SSMF is a generalization of NMF.

$$ X \approx W H $$

where:
- $X$ is an m x n non-negative matrix.
- $W$ is an m x r non-negative matrix.
- $H$ is column-stochastic matrix.
$$
H(:,j) \in \Delta^{r} for\ all\ j,\\\Delta^{r} = \{x \in R^{r} | x \geq 0, e^T x = 1\}\\e = \begin{bmatrix}1\\1\\\vdots\\1\end{bmatrix}
$$

*The main advantage of SSMF* is that the column-stochastic constraints on the factors H lead to an easier interpretation of the factors. The factors in H can be interpreted as probability distributions over the columns of X.

## why SSMF is a generalization of NMF?

1. Normalize the input matrix $X$ s.t. $X \in \Delta^{m \times n}$
$$ X^Te = e $$
2. Normalize the factor matrix $W$ s.t. $W \in \Delta^{m \times r}$
$$ W^Te = e $$

Then, we have:
$$ X \approx W H $$
$$ X^Te = (W H)^Te = H^TW^Te = H^Te = e $$
$$ H^Te = e $$
$$ H(:,j) \in \Delta^{r} for\ all\ j $$

$$ \frac{X}{\|X\|_1} = \frac{W}{\|W\|_1} \frac{H \cdot {\|W\|_1}^T}{\|X\|_1} $$

In [5]:
X = np.array([[4, 1, 3], [7, 5, 9], [2, 4, 9], [1, 2, 6]])
# nmf
from sklearn.decomposition import NMF
nmf = NMF(n_components=2)
W = nmf.fit_transform(X)
H = nmf.components_
print(W)
print(H)
np.dot(W, H)

[[0.71786685 0.13548403]
 [1.15088496 0.98347962]
 [0.11221287 1.4110256 ]
 [0.         0.93836125]]
[[5.26575428 1.77185679 2.65873193]
 [1.00610417 2.62251602 6.19591016]]


array([[3.91642151, 1.62726631, 2.74806243],
       [7.04976036, 4.6183944 , 9.15344599],
       [2.01052413, 3.89926239, 9.04093182],
       [0.94408916, 2.4608674 , 5.81400198]])

In [27]:
# SSMF one way
normX1 = np.sum(X, axis=0)
normW1 = np.sum(W, axis=0)
X_norm = X / normX1
W_norm = W / normW1
H_new = ((H / normX1).T * normW1).T
print(W_norm)
print(H_new)
print(X_norm)

print(np.dot(H_new.T, np.ones((2,1))))

[[0.36238246 0.03906296]
 [0.58097197 0.28355831]
 [0.05664557 0.40682901]
 [0.         0.27054972]]
[[0.74509095 0.29249881 0.19506867]
 [0.24925157 0.75798373 0.79591067]]
[[0.28571429 0.08333333 0.11111111]
 [0.5        0.41666667 0.33333333]
 [0.14285714 0.33333333 0.33333333]
 [0.07142857 0.16666667 0.22222222]]
[[0.99434251]
 [1.05048254]
 [0.99097934]]


# Essential Uniqueness

## Definition
Let $X \in \Re^{m \times n}$, and $r \leq min(m, n)$ be an integer.

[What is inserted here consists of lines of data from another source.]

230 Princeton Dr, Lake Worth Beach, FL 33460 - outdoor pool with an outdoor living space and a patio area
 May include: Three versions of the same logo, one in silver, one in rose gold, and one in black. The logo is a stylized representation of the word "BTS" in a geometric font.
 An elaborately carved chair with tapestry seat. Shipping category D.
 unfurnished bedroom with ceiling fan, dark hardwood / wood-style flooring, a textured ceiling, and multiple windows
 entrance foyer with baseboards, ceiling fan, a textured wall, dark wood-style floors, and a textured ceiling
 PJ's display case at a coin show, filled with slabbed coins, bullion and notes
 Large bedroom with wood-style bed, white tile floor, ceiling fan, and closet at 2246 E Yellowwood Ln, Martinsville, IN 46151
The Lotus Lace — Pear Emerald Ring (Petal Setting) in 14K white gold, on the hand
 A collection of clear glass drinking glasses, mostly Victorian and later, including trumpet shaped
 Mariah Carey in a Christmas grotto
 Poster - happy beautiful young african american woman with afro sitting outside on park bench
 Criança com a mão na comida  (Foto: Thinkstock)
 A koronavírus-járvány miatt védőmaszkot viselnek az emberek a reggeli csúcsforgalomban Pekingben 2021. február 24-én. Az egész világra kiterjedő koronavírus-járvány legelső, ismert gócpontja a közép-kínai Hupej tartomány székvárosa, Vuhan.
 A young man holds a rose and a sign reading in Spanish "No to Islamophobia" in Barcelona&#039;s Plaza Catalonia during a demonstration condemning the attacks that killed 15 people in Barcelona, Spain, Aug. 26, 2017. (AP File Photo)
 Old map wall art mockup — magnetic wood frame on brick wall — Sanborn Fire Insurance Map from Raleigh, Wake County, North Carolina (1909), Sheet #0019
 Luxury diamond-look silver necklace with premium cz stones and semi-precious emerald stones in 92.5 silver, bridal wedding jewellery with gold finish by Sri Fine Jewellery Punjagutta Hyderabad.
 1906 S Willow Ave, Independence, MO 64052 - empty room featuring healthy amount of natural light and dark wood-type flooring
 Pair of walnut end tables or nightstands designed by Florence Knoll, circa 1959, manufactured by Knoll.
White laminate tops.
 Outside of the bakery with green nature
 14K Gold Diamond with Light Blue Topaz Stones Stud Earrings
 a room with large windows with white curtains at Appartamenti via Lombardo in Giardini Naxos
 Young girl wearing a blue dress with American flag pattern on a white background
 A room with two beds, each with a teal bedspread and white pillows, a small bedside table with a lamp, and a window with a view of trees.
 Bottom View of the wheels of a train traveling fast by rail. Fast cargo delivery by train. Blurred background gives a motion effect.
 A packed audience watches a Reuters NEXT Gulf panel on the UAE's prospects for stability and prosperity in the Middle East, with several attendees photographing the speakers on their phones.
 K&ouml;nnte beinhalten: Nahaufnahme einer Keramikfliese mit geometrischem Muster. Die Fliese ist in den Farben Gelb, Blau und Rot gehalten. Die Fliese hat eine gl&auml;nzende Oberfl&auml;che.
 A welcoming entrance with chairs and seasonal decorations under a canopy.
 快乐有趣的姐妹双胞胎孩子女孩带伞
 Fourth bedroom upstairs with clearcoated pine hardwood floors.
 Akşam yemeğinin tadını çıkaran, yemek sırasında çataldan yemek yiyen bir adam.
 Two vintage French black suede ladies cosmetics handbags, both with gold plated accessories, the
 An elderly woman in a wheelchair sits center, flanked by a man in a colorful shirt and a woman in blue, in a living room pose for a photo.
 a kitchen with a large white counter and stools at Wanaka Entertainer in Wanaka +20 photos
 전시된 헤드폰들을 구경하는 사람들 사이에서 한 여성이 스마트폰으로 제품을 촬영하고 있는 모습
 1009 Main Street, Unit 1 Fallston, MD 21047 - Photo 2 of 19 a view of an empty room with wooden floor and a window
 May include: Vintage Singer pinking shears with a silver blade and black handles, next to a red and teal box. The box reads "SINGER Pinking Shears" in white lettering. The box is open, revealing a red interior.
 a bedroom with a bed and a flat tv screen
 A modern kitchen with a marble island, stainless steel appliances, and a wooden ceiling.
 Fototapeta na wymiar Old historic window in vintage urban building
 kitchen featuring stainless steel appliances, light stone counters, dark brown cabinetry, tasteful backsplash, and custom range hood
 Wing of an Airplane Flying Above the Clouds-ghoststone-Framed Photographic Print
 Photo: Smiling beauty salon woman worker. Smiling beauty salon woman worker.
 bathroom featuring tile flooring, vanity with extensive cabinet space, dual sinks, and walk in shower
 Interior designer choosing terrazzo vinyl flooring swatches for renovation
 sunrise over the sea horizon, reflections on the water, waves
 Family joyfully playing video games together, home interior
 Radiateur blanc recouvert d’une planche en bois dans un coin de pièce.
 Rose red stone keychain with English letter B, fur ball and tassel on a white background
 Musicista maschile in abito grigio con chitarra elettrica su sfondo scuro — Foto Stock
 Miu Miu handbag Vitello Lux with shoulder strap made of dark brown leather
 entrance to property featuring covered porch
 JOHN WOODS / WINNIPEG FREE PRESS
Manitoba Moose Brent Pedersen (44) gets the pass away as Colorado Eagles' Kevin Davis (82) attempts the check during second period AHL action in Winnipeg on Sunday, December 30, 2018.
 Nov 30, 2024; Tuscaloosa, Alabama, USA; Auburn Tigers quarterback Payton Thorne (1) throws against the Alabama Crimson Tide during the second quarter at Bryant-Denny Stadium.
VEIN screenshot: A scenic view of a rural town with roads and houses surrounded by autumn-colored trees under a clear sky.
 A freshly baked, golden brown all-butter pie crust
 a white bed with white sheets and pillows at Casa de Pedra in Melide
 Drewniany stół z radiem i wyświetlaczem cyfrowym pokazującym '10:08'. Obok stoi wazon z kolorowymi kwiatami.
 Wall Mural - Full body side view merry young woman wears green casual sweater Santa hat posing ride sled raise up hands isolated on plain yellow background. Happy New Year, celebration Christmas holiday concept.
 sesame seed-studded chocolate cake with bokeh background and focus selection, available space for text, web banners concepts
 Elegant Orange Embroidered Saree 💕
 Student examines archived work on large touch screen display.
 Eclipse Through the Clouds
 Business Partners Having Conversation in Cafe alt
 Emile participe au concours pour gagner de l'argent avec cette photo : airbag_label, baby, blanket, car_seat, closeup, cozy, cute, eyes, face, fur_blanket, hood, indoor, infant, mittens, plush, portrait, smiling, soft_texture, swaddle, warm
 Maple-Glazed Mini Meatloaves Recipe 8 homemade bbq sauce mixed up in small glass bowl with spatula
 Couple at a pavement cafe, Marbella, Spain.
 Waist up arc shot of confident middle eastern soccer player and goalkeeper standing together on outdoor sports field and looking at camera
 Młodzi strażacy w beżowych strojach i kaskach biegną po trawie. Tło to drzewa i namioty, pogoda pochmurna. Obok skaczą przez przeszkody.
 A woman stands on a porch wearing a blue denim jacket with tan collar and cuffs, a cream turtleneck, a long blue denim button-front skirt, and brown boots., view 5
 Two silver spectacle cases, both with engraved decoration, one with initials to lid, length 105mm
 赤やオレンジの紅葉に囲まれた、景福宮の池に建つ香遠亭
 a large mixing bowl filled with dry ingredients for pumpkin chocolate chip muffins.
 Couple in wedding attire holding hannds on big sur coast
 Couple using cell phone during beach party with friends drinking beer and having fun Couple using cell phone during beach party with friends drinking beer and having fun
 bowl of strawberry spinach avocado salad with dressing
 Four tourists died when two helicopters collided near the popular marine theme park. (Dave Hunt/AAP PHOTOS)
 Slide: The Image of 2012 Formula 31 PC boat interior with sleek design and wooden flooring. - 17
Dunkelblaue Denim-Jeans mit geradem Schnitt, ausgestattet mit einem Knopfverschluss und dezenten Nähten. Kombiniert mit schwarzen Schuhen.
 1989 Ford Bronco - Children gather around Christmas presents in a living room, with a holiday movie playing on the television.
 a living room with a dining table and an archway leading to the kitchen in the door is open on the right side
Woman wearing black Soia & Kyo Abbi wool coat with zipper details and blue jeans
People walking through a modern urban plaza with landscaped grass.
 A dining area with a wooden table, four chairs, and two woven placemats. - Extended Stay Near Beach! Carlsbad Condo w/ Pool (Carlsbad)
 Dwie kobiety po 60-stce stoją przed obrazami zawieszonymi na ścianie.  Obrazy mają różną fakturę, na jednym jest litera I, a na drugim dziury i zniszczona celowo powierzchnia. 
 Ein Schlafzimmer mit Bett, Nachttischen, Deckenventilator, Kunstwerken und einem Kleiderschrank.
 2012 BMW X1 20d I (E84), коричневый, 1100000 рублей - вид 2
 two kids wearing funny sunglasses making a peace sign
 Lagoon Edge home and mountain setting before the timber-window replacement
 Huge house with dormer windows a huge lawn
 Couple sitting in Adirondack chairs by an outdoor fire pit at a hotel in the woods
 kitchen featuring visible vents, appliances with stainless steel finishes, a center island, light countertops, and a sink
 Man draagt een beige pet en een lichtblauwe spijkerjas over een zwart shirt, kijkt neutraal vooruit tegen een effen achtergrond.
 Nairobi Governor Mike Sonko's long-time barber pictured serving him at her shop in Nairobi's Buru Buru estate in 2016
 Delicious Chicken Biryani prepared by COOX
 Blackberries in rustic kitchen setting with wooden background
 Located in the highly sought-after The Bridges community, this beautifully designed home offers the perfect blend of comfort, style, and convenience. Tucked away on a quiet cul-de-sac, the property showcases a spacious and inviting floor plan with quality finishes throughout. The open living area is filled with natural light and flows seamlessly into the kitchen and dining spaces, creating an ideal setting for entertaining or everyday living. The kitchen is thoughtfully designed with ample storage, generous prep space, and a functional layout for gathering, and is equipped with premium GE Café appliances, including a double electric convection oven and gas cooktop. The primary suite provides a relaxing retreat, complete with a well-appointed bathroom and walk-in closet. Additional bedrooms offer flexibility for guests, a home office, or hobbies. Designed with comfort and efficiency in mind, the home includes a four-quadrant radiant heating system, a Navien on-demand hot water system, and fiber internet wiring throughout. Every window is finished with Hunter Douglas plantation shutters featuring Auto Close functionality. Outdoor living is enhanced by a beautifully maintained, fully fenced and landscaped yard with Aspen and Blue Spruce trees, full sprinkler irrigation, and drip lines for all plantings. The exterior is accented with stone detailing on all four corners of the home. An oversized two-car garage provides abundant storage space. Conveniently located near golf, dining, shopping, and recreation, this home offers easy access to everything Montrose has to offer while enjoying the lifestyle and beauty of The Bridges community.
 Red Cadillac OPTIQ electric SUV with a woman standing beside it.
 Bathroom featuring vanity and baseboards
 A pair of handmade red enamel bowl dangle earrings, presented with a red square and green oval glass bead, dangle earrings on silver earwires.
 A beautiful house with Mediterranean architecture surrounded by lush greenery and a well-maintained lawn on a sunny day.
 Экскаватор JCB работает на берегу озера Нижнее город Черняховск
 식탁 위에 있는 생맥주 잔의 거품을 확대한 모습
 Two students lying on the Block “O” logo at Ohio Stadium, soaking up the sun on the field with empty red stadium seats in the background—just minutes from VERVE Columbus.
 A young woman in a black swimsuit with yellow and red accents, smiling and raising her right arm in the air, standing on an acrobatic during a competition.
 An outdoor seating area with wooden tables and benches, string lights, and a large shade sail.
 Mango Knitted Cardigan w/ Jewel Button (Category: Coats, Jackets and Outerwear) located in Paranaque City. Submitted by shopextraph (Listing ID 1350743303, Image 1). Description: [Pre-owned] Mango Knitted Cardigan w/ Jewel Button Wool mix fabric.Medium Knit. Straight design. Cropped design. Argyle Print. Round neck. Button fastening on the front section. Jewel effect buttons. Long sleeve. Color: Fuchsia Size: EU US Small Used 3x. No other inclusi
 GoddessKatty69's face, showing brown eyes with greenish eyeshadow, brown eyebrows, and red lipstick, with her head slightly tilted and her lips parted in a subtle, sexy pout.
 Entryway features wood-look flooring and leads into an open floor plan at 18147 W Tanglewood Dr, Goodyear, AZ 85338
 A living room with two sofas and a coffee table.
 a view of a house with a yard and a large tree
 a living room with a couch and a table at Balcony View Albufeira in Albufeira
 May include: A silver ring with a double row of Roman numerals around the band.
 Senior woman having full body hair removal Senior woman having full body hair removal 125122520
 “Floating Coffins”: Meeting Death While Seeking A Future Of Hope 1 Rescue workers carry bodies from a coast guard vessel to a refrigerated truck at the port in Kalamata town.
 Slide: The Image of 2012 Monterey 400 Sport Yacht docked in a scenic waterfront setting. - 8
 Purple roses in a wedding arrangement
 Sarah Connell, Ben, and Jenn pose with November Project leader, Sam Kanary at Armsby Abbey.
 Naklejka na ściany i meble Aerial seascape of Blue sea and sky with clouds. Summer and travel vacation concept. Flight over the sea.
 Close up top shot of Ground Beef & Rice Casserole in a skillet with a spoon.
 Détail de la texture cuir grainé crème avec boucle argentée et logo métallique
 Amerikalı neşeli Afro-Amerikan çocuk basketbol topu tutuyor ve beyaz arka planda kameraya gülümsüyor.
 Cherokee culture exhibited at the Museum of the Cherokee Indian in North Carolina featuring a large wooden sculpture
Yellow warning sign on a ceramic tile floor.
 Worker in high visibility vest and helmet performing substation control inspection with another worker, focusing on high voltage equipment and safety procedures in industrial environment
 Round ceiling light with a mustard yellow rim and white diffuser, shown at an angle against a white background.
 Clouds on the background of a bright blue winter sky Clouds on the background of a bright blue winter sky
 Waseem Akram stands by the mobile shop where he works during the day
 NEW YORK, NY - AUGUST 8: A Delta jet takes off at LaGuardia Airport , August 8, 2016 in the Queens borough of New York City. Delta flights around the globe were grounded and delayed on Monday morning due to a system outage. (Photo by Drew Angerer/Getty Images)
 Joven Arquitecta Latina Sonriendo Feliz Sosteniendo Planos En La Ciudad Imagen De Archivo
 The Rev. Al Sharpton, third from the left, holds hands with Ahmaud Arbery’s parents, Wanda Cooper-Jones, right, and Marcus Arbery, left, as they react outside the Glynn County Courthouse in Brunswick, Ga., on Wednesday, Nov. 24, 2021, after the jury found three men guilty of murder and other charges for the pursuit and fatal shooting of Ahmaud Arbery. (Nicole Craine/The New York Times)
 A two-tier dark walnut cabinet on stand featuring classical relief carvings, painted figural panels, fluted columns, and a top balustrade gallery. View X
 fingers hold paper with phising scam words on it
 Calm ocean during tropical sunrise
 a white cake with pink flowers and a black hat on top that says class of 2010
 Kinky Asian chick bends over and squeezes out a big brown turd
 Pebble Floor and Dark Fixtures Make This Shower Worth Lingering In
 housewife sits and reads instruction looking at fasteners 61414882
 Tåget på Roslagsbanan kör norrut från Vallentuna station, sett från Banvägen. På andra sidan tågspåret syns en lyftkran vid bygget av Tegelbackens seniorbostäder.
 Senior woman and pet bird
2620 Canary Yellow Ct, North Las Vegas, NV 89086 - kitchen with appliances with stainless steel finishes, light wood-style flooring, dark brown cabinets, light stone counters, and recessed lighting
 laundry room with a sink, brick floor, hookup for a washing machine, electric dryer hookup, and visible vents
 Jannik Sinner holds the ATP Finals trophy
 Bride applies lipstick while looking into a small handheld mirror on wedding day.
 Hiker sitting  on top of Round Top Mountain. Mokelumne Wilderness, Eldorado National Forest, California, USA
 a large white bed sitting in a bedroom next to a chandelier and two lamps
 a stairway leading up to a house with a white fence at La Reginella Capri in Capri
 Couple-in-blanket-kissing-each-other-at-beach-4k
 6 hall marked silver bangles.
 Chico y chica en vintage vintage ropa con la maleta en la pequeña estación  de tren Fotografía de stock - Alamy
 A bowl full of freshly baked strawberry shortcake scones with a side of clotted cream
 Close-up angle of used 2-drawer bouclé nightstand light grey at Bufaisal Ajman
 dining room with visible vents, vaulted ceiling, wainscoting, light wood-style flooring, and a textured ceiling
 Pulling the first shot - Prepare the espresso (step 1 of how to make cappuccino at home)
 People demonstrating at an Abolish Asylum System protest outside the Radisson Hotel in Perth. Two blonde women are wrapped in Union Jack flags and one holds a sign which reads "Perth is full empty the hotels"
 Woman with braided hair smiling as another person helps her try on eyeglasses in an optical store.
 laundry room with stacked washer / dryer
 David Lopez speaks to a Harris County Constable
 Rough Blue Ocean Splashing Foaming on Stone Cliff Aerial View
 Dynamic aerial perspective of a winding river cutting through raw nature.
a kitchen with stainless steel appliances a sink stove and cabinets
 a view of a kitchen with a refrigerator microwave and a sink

Let $(W,H)$ be a solution of $X = WH$ if and only if any other pair $(W',H') \in \Re^{m \times r}\times \Re^{r\times n}$ that satisfies $X = W'H'$ for all k, $$W'(:,k)=\alpha _kW(:,\pi (k))$$ and $$H'(k,:)=\alpha _k^{-1}H(\pi (k),:)$$ where $\pi$ is a permutation of $\{1,2,...,r\}$ and $\alpha _k \neq 0$ for all k.